[Dataset content]:

····················

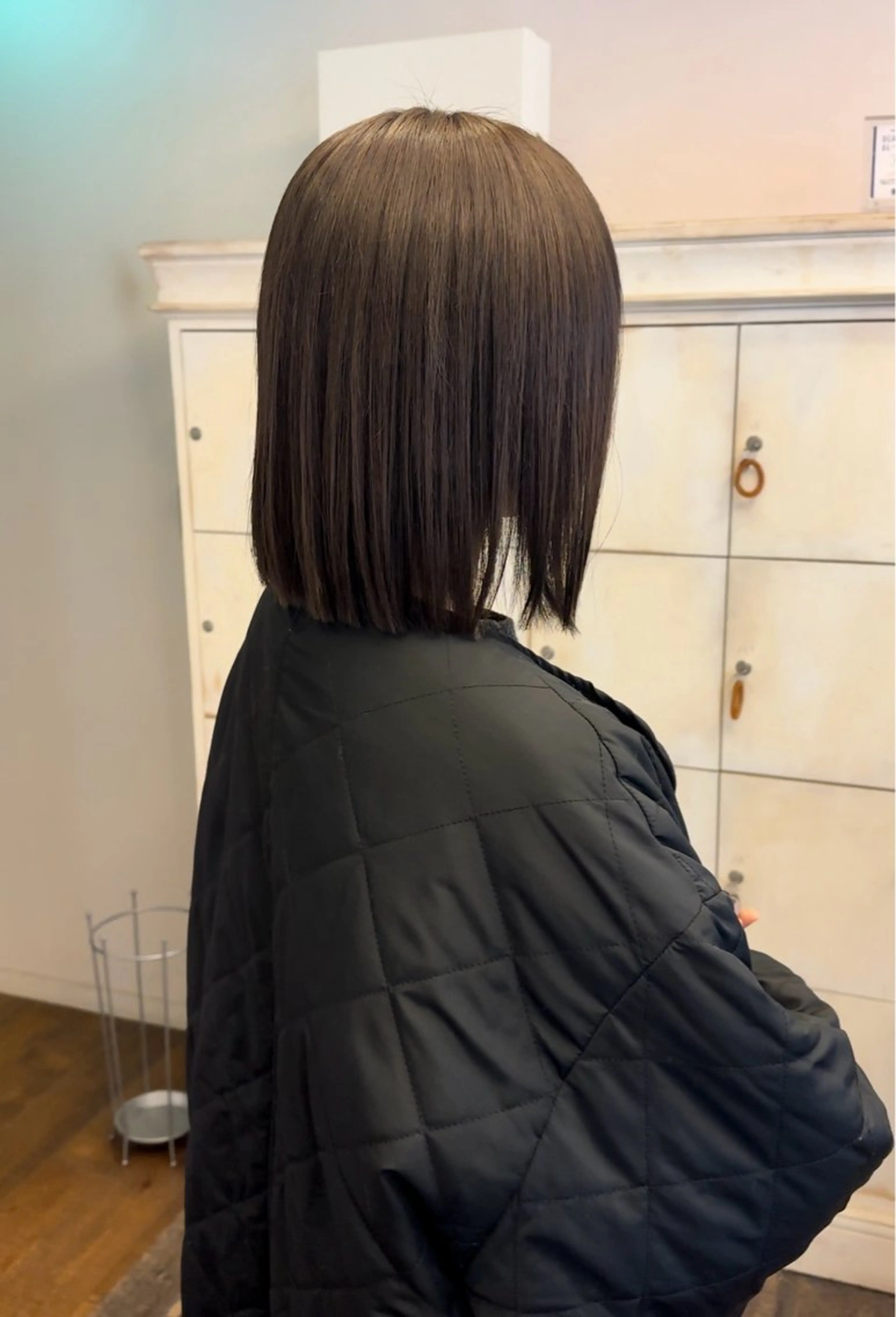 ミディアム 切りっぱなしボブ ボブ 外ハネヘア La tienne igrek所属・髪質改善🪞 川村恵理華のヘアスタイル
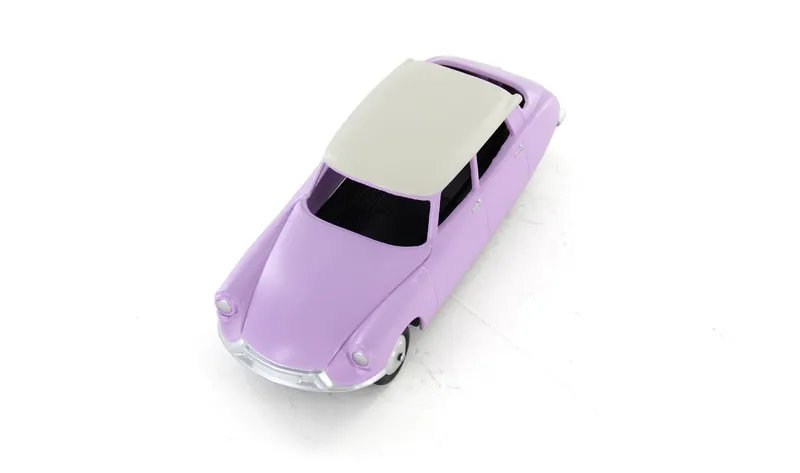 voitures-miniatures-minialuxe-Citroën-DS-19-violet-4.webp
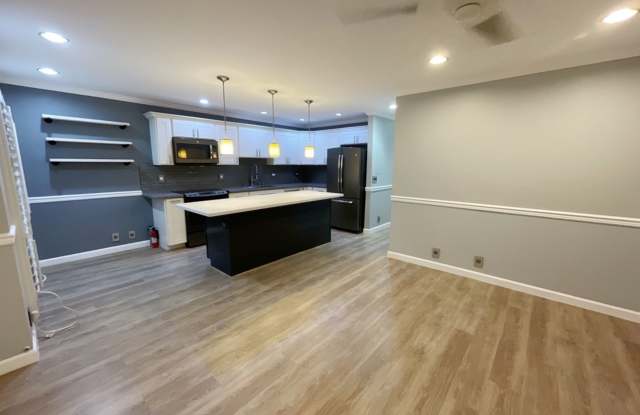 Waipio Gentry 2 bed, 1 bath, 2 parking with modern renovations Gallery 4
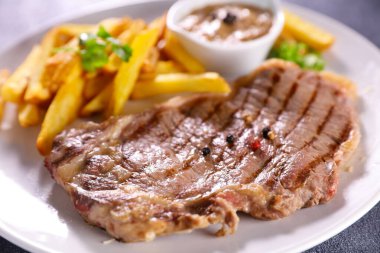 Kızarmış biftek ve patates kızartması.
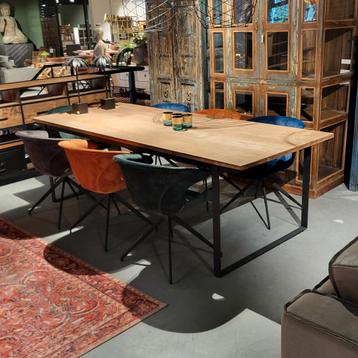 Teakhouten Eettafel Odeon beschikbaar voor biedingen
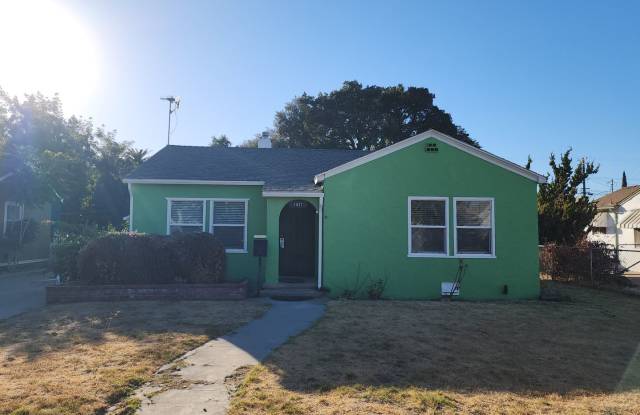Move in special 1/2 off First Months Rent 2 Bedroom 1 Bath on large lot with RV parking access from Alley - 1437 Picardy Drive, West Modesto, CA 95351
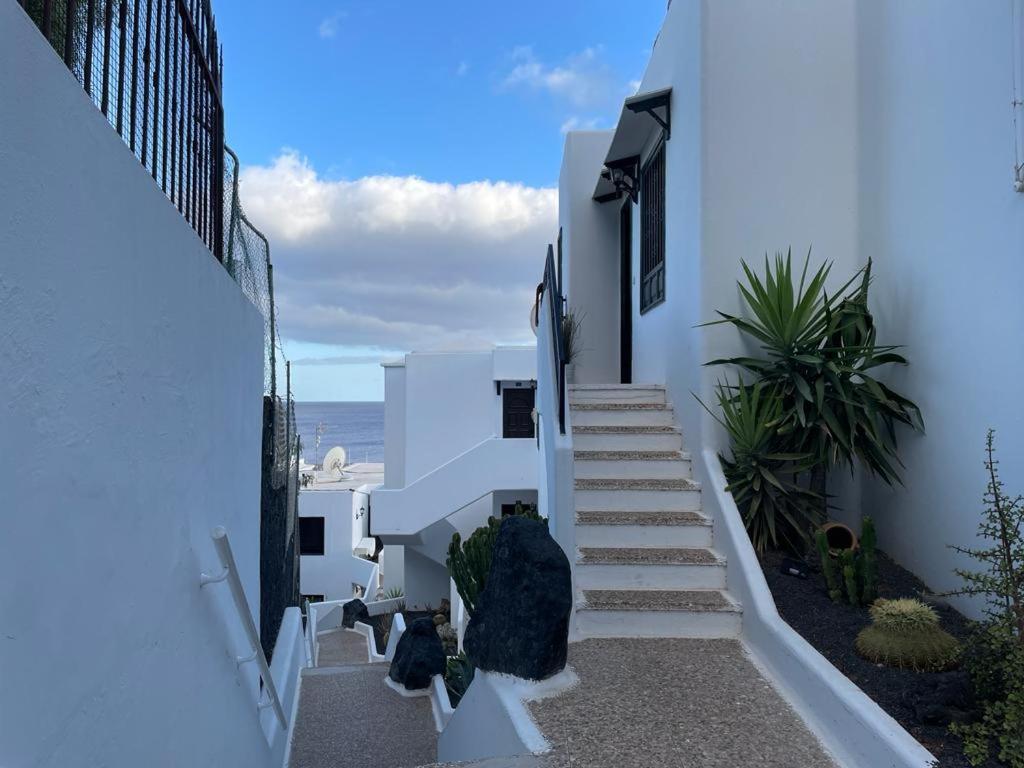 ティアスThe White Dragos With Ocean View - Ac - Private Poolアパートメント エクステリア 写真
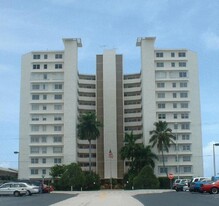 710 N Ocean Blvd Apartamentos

····················

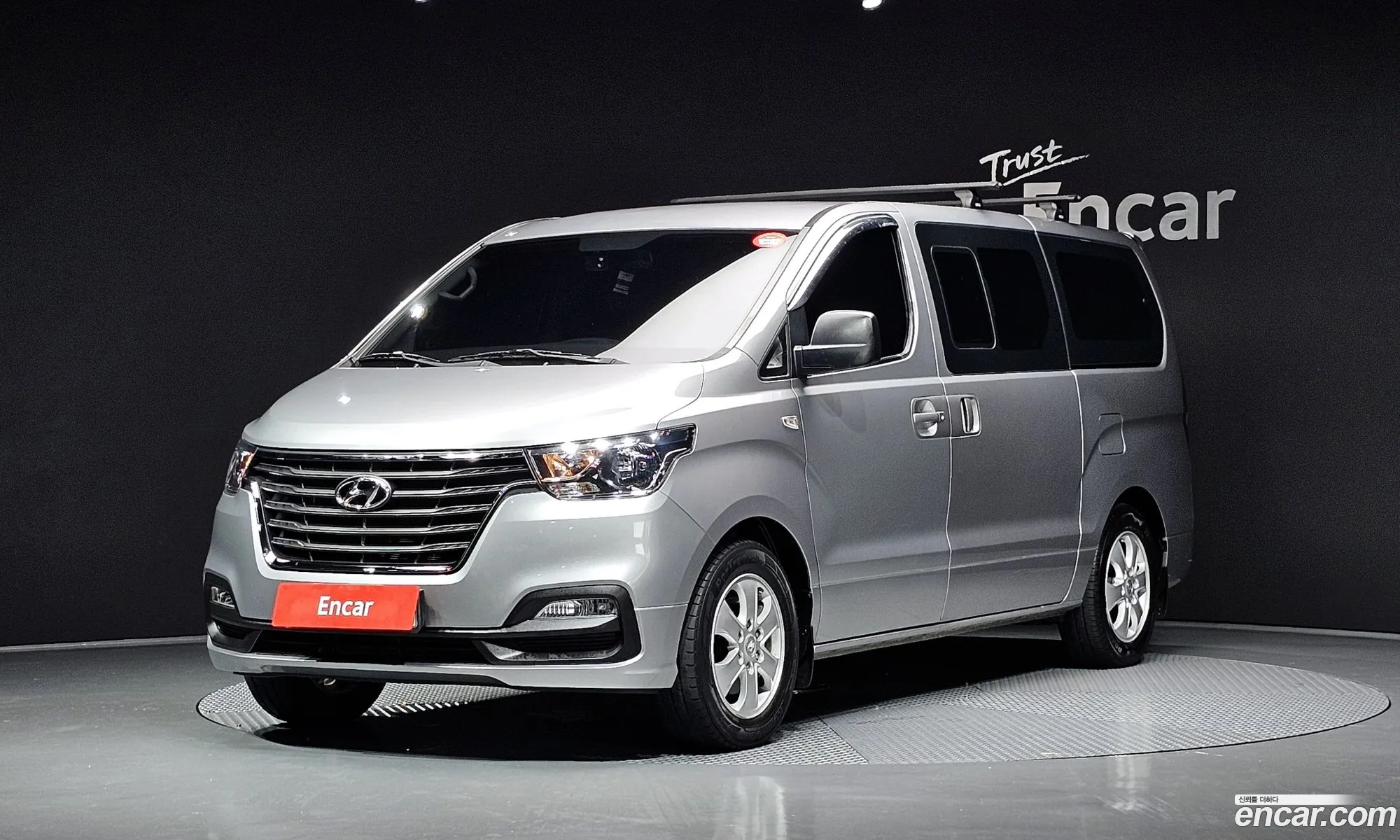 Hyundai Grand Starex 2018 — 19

····················

[Aim of the task]: Using the records above, print exactly the lines between the ones containing "Kızarmış biftek ve patates kızartması." and "710 N Ocean Blvd Apartamentos", inclusive, and nothing else; no pictures.

[Response for this exercise]:
 Kızarmış biftek ve patates kızartması.
 Teakhouten Eettafel Odeon beschikbaar voor biedingen
Move in special 1/2 off First Months Rent 2 Bedroom 1 Bath on large lot with RV parking access from Alley - 1437 Picardy Drive, West Modesto, CA 95351
 ティアスThe White Dragos With Ocean View - Ac - Private Poolアパートメント エクステリア 写真
 710 N Ocean Blvd Apartamentos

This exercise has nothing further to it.